Abu Bakr al-Baghdadi, the leader of Islamic State (IS) was wounded in an air strike and is no longer in command of the group, sources told the Guardian.
An Iraq-based source said Baghdadi was injured in a US-led coalition air strike in March.
At first it was thought he would not survive his injuries, but he has made a slow recovery, though not yet resumed responsibility for running the group's operations.
The Guardian's source said that since he was wounded an increasing number of decisions have been made by Shura councils and other senior members of the IS hierarchy.
There have been two prior claims that Baghdadi was killed, but both proved to be false. In this instance, an additional two sources have confirmed the air strike took place on 18 March.
Hisham al-Hashimi, an advisor to the Iraqi government said: "Yes, he was wounded in al-Baaj near the village of Umm al-Rous on 18 March with a group that was with him."
Al-Baaj, a district of Nineveh, is situated 200 miles west of Mosul, where much of Islamic State's activity has concentrated.
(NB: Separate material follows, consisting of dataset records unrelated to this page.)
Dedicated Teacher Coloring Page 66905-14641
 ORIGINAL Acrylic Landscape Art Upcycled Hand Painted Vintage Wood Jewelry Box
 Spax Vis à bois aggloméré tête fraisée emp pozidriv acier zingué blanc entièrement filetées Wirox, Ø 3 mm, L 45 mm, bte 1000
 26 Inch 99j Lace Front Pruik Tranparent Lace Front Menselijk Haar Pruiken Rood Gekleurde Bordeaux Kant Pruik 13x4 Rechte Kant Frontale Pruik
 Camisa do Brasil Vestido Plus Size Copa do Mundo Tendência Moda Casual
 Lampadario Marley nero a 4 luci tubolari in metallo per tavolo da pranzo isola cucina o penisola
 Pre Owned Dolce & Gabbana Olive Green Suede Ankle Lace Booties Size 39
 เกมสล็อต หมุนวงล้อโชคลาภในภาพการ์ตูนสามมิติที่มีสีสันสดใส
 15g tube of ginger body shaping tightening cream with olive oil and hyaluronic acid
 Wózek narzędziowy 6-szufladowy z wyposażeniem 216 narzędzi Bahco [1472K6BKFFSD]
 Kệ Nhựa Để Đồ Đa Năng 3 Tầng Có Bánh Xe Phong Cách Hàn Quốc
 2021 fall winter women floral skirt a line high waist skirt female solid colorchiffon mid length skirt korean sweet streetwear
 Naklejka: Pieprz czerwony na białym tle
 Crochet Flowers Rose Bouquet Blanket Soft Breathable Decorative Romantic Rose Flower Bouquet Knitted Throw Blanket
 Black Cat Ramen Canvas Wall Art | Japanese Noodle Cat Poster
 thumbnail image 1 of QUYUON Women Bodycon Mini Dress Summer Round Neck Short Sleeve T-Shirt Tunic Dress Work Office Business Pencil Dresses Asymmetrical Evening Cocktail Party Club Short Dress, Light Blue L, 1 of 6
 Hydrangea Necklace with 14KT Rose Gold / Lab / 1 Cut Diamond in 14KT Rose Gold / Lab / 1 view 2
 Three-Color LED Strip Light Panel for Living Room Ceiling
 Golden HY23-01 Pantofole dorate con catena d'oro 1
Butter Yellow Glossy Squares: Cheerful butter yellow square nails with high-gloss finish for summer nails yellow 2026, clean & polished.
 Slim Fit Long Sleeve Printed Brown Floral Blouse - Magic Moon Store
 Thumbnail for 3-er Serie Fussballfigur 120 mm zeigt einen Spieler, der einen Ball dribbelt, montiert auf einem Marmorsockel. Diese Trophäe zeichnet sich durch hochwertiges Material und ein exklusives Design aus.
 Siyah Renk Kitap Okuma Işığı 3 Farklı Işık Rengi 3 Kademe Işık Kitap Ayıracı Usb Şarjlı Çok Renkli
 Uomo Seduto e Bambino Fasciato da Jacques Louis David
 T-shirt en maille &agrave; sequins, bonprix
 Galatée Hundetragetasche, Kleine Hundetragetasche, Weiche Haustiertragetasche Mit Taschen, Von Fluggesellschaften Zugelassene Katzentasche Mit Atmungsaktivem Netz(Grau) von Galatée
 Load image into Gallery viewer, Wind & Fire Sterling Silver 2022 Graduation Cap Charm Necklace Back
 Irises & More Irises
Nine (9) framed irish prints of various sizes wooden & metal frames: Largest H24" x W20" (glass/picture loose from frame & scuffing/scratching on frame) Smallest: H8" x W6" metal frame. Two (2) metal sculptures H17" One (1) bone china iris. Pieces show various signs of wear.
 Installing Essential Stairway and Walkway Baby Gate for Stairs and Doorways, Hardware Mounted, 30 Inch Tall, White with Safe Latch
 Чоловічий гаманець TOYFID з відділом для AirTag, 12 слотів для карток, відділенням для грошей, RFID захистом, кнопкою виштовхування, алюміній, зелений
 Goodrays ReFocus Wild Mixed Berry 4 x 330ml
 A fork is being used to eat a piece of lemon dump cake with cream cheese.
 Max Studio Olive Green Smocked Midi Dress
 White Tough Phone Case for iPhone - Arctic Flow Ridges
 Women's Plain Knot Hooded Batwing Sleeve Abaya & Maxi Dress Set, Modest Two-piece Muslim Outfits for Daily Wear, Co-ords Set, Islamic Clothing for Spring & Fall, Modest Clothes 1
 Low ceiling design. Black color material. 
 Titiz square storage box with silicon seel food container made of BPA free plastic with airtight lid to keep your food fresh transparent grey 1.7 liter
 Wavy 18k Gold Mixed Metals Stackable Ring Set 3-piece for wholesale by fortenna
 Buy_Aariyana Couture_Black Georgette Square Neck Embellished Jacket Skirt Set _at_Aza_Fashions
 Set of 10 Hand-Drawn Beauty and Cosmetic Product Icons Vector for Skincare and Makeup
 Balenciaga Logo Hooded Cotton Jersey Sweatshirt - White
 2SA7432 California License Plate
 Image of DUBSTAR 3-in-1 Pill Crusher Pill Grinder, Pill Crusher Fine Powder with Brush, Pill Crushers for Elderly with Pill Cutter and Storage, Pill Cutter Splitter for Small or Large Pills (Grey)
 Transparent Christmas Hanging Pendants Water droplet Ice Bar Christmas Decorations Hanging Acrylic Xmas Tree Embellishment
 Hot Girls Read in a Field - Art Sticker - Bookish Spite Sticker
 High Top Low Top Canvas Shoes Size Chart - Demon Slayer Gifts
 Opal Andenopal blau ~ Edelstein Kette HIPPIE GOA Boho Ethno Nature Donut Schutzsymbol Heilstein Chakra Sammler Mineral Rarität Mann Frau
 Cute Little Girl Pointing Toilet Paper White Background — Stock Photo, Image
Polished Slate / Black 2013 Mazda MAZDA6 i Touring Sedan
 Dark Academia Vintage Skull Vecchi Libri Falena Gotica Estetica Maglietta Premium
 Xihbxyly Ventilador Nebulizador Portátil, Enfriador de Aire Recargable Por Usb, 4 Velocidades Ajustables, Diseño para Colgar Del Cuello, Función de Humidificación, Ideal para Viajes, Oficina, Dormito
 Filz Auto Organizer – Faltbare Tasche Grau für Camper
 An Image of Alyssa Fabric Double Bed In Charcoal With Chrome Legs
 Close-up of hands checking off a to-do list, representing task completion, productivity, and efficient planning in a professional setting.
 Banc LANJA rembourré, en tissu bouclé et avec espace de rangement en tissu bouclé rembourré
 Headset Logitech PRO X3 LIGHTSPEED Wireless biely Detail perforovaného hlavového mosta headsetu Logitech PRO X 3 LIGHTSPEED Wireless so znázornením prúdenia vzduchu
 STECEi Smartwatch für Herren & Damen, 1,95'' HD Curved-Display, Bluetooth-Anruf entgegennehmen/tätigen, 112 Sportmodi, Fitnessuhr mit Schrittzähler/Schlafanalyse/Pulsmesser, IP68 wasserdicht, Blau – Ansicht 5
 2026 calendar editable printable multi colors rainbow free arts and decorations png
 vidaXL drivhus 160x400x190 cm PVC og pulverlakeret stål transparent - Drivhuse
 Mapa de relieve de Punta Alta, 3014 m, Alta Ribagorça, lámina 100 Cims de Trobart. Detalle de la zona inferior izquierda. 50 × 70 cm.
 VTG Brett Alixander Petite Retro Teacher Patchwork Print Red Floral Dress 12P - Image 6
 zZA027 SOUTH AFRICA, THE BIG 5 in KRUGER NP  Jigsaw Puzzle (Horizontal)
Baghdadi is believed to have used this area as his base for its remote location, some distance from US activity.
The attack was targeting a convoy cars with regional IS leaders, it was not known if Baghdadi was with them.
Baghdadi declared himself the leader of IS when they split from Al-Qaeda. He then established himself the leader of the 'caliphate' the militant group has imposed in parts of Iraq and Syria in the past year.
Since 2011 the US government has had $10 million price tag on his head – less than half the amount offered for the al-Qaeda leader Ayman al-Zawahiri.
Two other Islamic State's key leaders were killed by air strikes in December.